You'll get another crawl object as your response like this:

{
  date_updated: '2018-07-24T00:57:47.445Z',
  date_created: '2018-07-24T00:57:47.245Z',
  user: 'AAAXXXXXXXXXXXX',
  name: 'crawl1',
  urllist: 'urlList1',
  max_urls: 1000,
  date_started: '2018-07-24T00:57:47.444Z',
  format: 'json',
  urls_crawled: 1,
  max_depth: 10,
  depth: 0,
  status: 'STARTED',
  app: 'keywordCollector.js',
  id: 1568124
}

If you keep sending this request, you should notice depth and urls_crawled gradually increasing. At some point, status will change to COMPLETED. That's how you know the crawl has finished running.

7. Download results

After the crawl finishes, you'll want to download the result files. Result files are logs of all the data scraped during the crawl.

Once you see a status of COMPLETED for your crawl, use the following code to get the results (replace the dummy API token with your real API token):

var request = require('request');

// Set your API parameters here.
var API_token = 'AAAXXXXXXXXXXXX';
var crawl_name = 'crawl1';

var request_options = {
  url: 'https://' + API_token + ':@api.80legs.com/v2/results/' + crawl_name,
  method: 'GET'
}

// Make the API call.
request(request_options, function(error, response, body) {
  if (error) {
    console.log(response);
  } else {
    console.log(body);
  }
});

You should get a response similar to this (although it may not look as pretty in your terminal):

[
    "http://datafiniti-voltron-results.s3.amazonaws.com/abcdefghijklmnopqrstuvwxyz012345/123456_1.txt?AWSAccessKeyId=AKIAIELL2XADVPVJZ4MA&Signature=P5aPspt%2B%2F0Kr8u1nxU%2FHVVrRgOw%3D&Expires=1530820626"
]

Depending on how many URLs you crawl, and how much data you scrape from each URL, you'll see one or more links to result files in your results response. 80legs will create a results file for every 100 MB of data you scrape, which means result files can post while your crawl is running.

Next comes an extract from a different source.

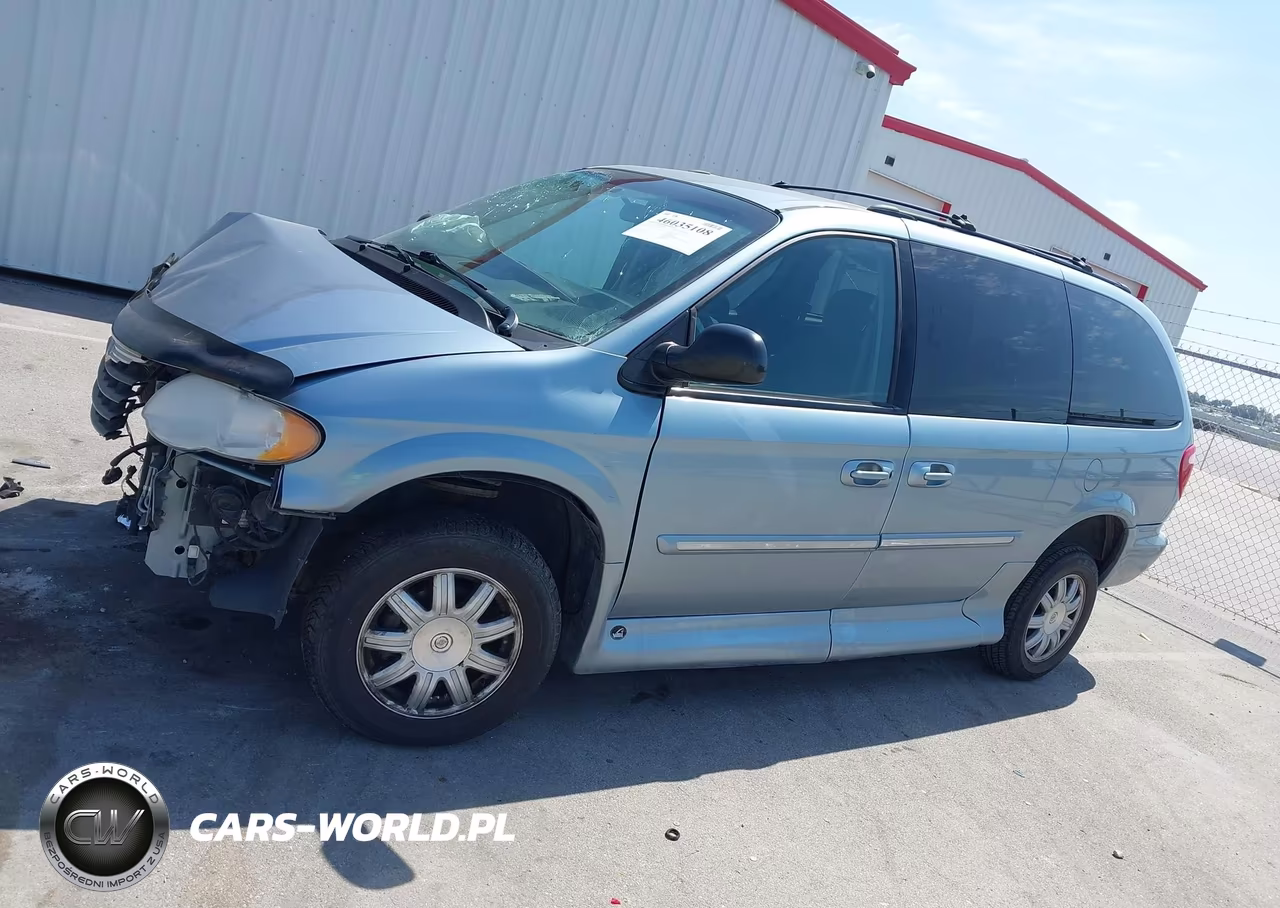 2005 Chrysler Town & Country Touring VIN:2C8GP54L95R275776 - 15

For very large crawls that take more than 7 days to run, we recommend checking your available results on a weekly basis. Result files will expire 7 days after they are created.

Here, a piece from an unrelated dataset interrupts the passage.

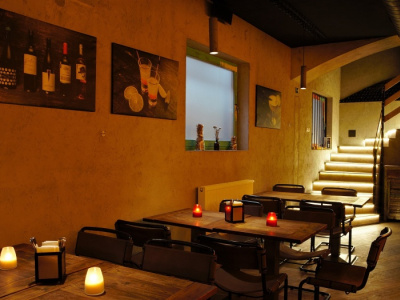 Bar 9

To download the result files, you can run code like this:

var request = require('request');
var fs = require('fs');

// Set your API parameters here.
var API_token = 'AAAXXXXXXXX';
var crawl_name = 'crawl1';

var request_options = {
  url: 'https://' + API_token + ':@api.80legs.com/v2/results/' + crawl_name,
  method: 'GET'
}

request(request_options, function (error, response, body) {
  var results = JSON.parse(body);
  console.log(results);
  for (let i = 0; i < results.length; i++) {
    var filename = crawl_name + '_' + i + '.txt';
    var file = fs.createWriteStream(filename);
    request(results[i]).pipe(file).on('end', function() {
      console.log('File ' + (i+1) + ' out of ' + results.length + ' saved: ' + filename);
      num_files_downloaded++;
      if (num_files_downloaded === results.length) process.exit();
    });
  }
});

8. Process the results

After you've download the result files, you'll want to process them so you can make use of the data. A result file will have a structure similar to this:

[
  {
    "url": "https://www.80legs.com",
    "result": "...."
  },
  {
    "url": "https://www.datafiniti.co",
    "result": "...."
  },
  ...
]

Note that the file is a large JSON object. Specifically, it's an array of objects, where each object consists of a url field and a result field. The result field will contain a string related to the data you've scraped, which, if you remember, is determined by your 80app.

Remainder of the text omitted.